この「アスペクト比の差」は、伝搬光学系により定まるので、画像表示素子に「アスペクト比の差を補正する補正画像」を入力することにより除去することができる。
【0033】
曲面光学部材は「虚像の水平方向(観察者の目から見て左右方向)に対応する方向に正のパワー」を有しているとよい。

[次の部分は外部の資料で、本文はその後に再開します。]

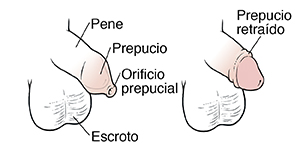 Vista lateral del pene de un niño y el escroto que muestra el prepucio del pene. Vista lateral del pene y el escroto de un niño que muestra el prepucio retraído.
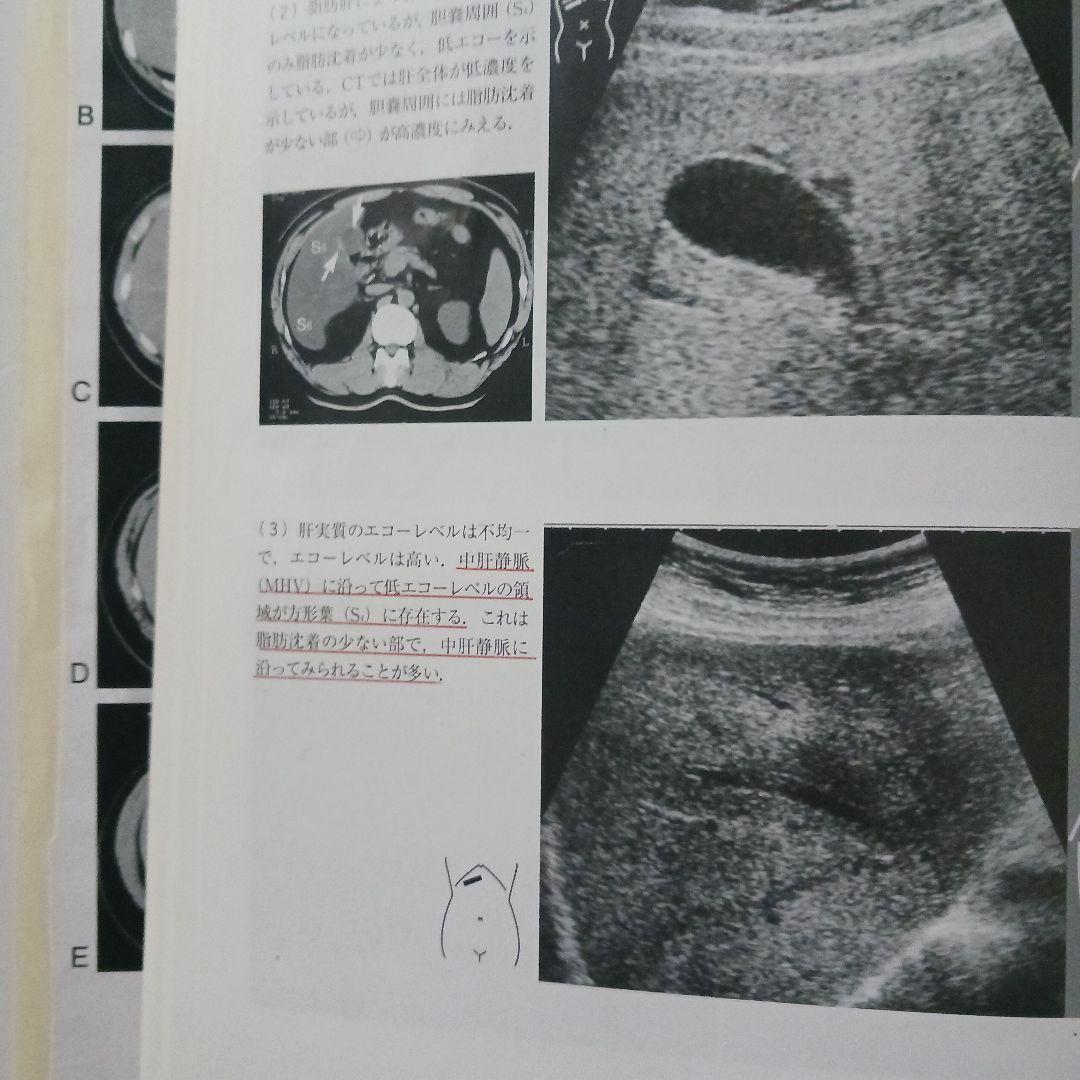 腹部超音波テキスト : 上・下腹部　腹部エコー　参考書　ベクトル・コア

このように「虚像の水平方向に対応する方向のパワーを正にする」ことにより、板状の導光部材を用いる場合、入射部の薄い部分に「より多くの光」を取り込むことで光利用効率を高めることができ、明るい虚像を表示できる虚像表示装置を実現できる。
【0034】
虚像表示装置はまた、伝搬光学系が有する「光軸に対して非回転対称な曲面形状を有する光学部材(曲面光学部材)」の、虚像の垂直方向(前記水平方向に直交する方向)に対応するサイズが前記水平方向に対応するサイズよりも大きいことが好ましい。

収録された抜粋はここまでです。